Тогда давайте обратимся к спектаклю «Берег Утопии», в котором Вы сыграли сразу несколько ролей под началом своего мастера и очень опытного режиссера Алексея Владимировича Бородина. Кому из своих персонажей Вы симпатизируете больше Станкевичу или Чернышевскому?

– Николаю Станкевичу, потому что он – мотор своего поколения. Если бы не было его философского кружка, не знаю, как, например, Белинский разобрал бы спектакль «Гамлет» в Малом театре. Очень важно для истории столкновение его кружка с кружком Герцена. Он был двигателем и для Бакунина. Да и мне его больше жаль, нежели Николая Гавриловича. Чернышевский – разрушитель, а я к ним отношусь отрицательно. Станкевич же говорил: «Реформы не могут прийти сверху или снизу, только изнутри», – мне эта позиция  кажется более человеколюбивой и христианской, нежели революционные движения, в которых участвовал Чернышевский. Я не пошел бы за ним, понимаете? Как у Островского написано: «Дело надо делать, господа, дело», – я придерживаюсь этой позиции.

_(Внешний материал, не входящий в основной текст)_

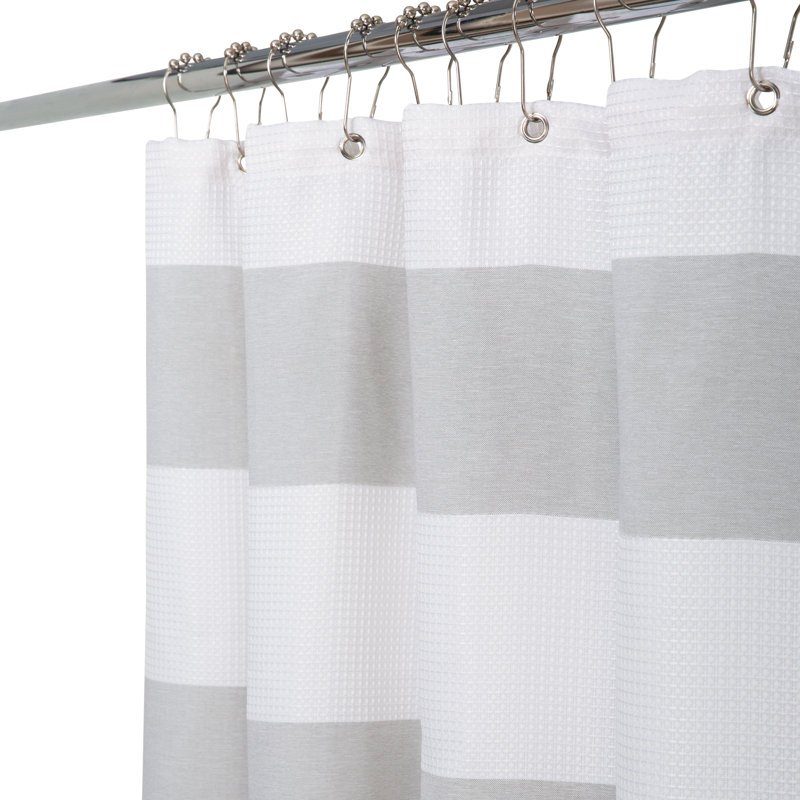 Jacquard Weave Striped Shower Curtain, Gray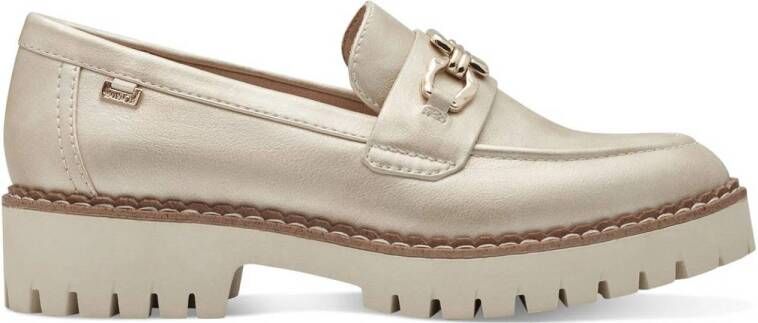 s.Oliver chunky loafers met gesp champagne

Как Вы работали над образом Станкевича? У него есть переписка, о которой Герцен в «Былом и думах» писал, что она «прошла незаметно... останется на убогом кладбище одним из редких памятников своего времени, по которым грамотный может прочесть, что тогда хоронилось безгласно». Вы читали эту книгу?

– Да, у меня есть издание переписки, стихов и прозы Николая Станкевича. Но мы судим о нем не только по ним, а еще по воспоминаниям Герцена, Бакунина, Белинского, которыми пользовался и я, работая над этой ролью. На их основе мы можем себе дорисовать эту личность, – человека, который имел прекрасный светлый ум, знание языков, блистательные мозги, который хотел посвятить себя служению Отечеству, но волею судьбы умирает в 28 лет…

Ваш герой Касриэл Липман в спектакле «Ничья длиться мгновение» тоже умирает, но забирает жизнь у себя сам, боясь предать других людей из своего гетто. Его поступок потрясает не меньше, чем судьба Станкевича. И мне кажется, эта Ваша работа не уступает работе в «Береге Утопии». Что в ней было важно для Вас как для артиста?

– Главным в этом спектакле для меня и для всех актеров было освоение совершенно нового языка режиссера Миндаугаса Карбаускиса, с помощью которого мы рассказали историю. У него прекрасное образование и литовские корни. Он вырос на хороших спектаклях Някрошюса, на европейской культуре, но при этом много взял у своих учителей: Евгения Каменьковича, Сергея Женовача, Петра Фоменко.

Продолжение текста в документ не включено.